I am guessing you haven't had the horror off Giza zoo Sam.
I would suspect there is no room to keep them separate, the last time I was there which must be 6 years all the animals were in cages and pacing up and down with boredom. The poor monkey was living in cage with one piece of rope.
The money spent on the zoo is peanuts and the entrance price is peanuts too,
You can feed the animals at this zoo, you buy a morsel of a keeper who puts it on a stick and lets you poke it through the bars of the cage. 
There was an article in the newspaper a couple of months ago about big cats going missing from the zoo.. believed sold to private collectors, how can you loose a big cat??? Sadly corruption affects every aspect of life here.
The zoo is used as a park by poor families, they play ball, have picnics, etc and they can't be blamed for this as it is a cheap day out and their children can run free away from the traffic in Cairo.
The zoo is nothing for anyone to be proud off and should be closed down


----------



## Veronica (Apr 5, 2008)

MaidenScotland said:


> I am guessing you haven't had the horror off Giza zoo Sam.
> I would suspect there is no room to keep them separate, the last time I was there which must be 6 years all the animals were in cages and pacing up and down with boredom. The poor monkey was living in cage with one piece of rope.
> The money spent on the zoo is peanuts and the entrance price is peanuts too,
> You can feed the animals at this zoo, you buy a morsel of a keeper who puts it on a stick and lets you poke it through the bars of the cage.
> ...


I agree that any zoos which don't give their animals large areas as close as possible to their natural habitat should be closed down. While GOOD zoos have an important part to play in protecting endangered species by participating in global breeding programmes, zoos which are not run properly should not be tolerated by the international community.


----------



## MaidenScotland (Jun 6, 2009)

Cairo's Giza Zoo, once one of the world's foremost zoological gardens, has long since fallen into disrepair. It remains popular with Egyptian families, but the BBC's Yolande Knell reports on challenges to its survival - from property developers, mismanagement and animal welfare advocates.
In the lion house at Giza Zoo, a crowd of children shriek excitedly as the big cats snarl behind iron bars and dig their teeth into slabs of raw meat.
"I like all the animals but the lions are best," giggles four-year-old Zeinab Abdul Hamid.
"We bring our little kids here to show them all the different creatures," says her father, Ashraf.
"Usually we come at least twice a year during the holidays. I used to come when I was a child."
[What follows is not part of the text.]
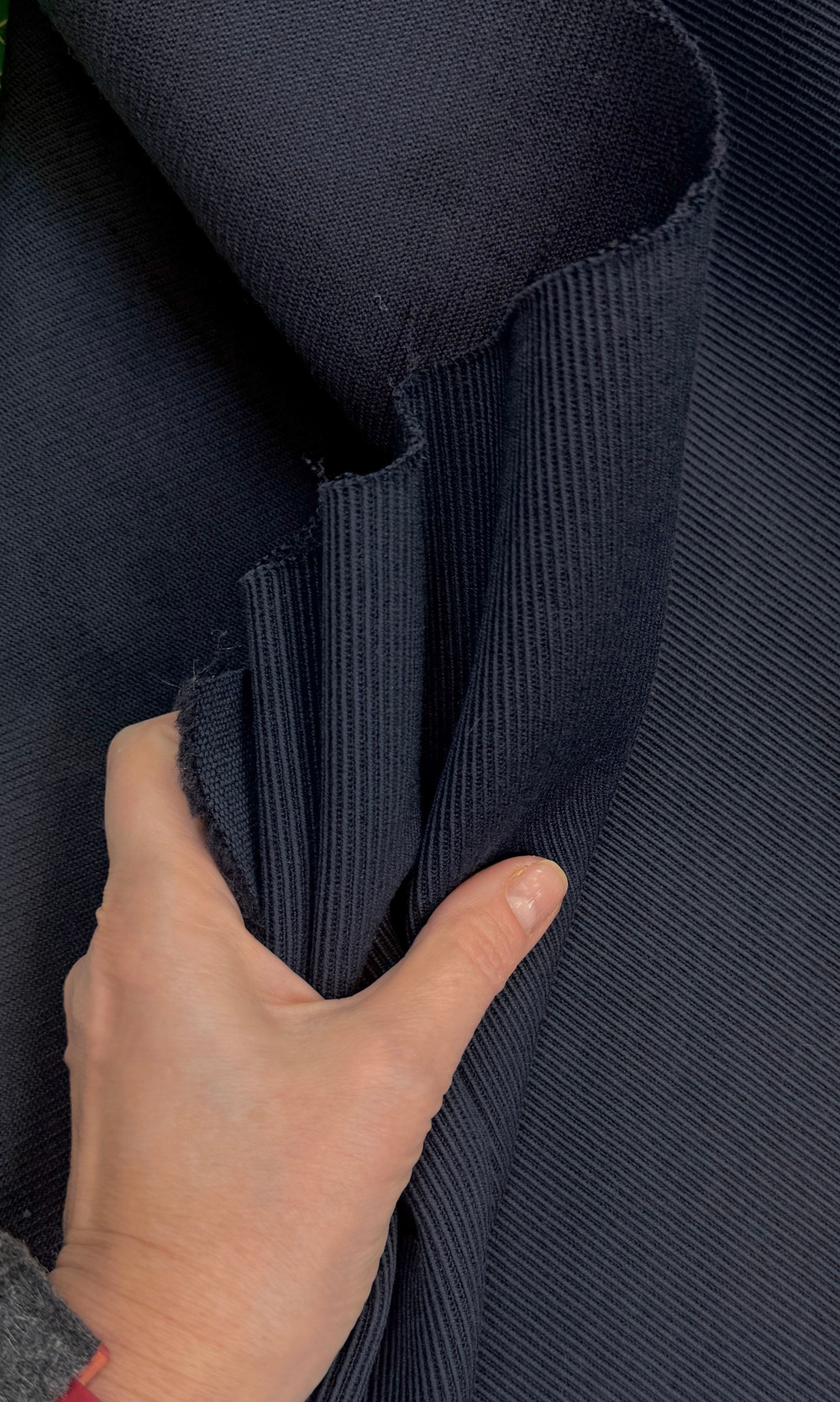 Ткань костюмная (Италия) 49% шерсть мериноса 51% хлопок ш 140см 1м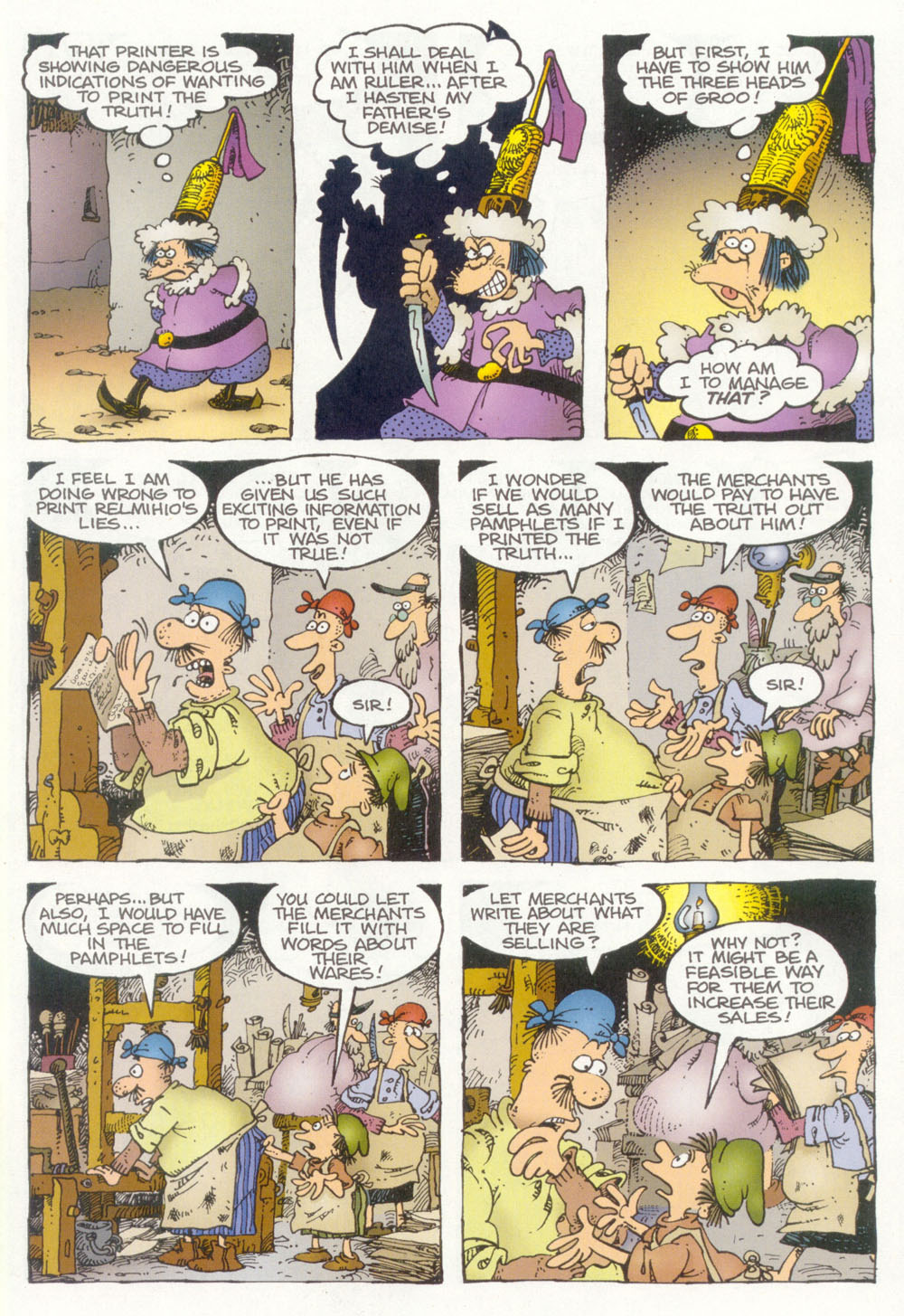 Read online Sergio Aragonés' Groo: Mightier Than the Sword comic -  Issue #4 - 7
The whole approach is rooted in the 1950s. It needs a change of direction 
Will Travers, Born Free Foundation
At just one Egyptian pound (less than $0.20, £0.10) for an entrance ticket, the zoo is seen as a fun and affordable day out, particularly by low-income families.
Recent rumours that it could be moved from central Cairo, where it has been since 1891, to a new site on the outskirts of the city have caused a public outcry.
"It's better if it stays where it is," Mr Abdul Hamid insists.
"It would not be good to move because this is a beautiful, old place," adds Atef Ramzi, who is visiting with two daughters. "Everyone knows it and it's easy to access."
Despite denials by the Ministry of Agriculture, which oversees the zoo, reports persist that a development company wants to buy the valuable real estate.
The zoo is located in 40 hectares (100 acres) of gardens near the west bank of the Nile in a high-class neighbourhood opposite the luxury Four Seasons hotel.
Dubious practices

Zoo keepers get tips by feeding animals kept in cell-like cages
Culture Minister Farouk Hosny has weighed into the controversy declaring that some 19th Century features should be protected as antiquities.
"The zoo just needs more care and maintenance," he says. "If it were to be given due attention it could truly become one of the most famous in the world."
Animal rights campaigners have long called for improvements at Giza Zoo.
They complain about the cell-like cages used for lions and bears, and the methods by which keepers seek tips to supplement their small salaries.
Visitors are allowed to feed the animals, including the hippopotamus who gobbles down handfuls of clover.
Children can have their photographs taken with a lion cub or baby chimpanzee - or even with their heads inside the mouth of an elephant kept on a short chain.
"The whole approach is rooted in the 1950s," says Will Travers of the London-based Born Free Foundation, which monitors zoo conditions. "It needs a change of direction."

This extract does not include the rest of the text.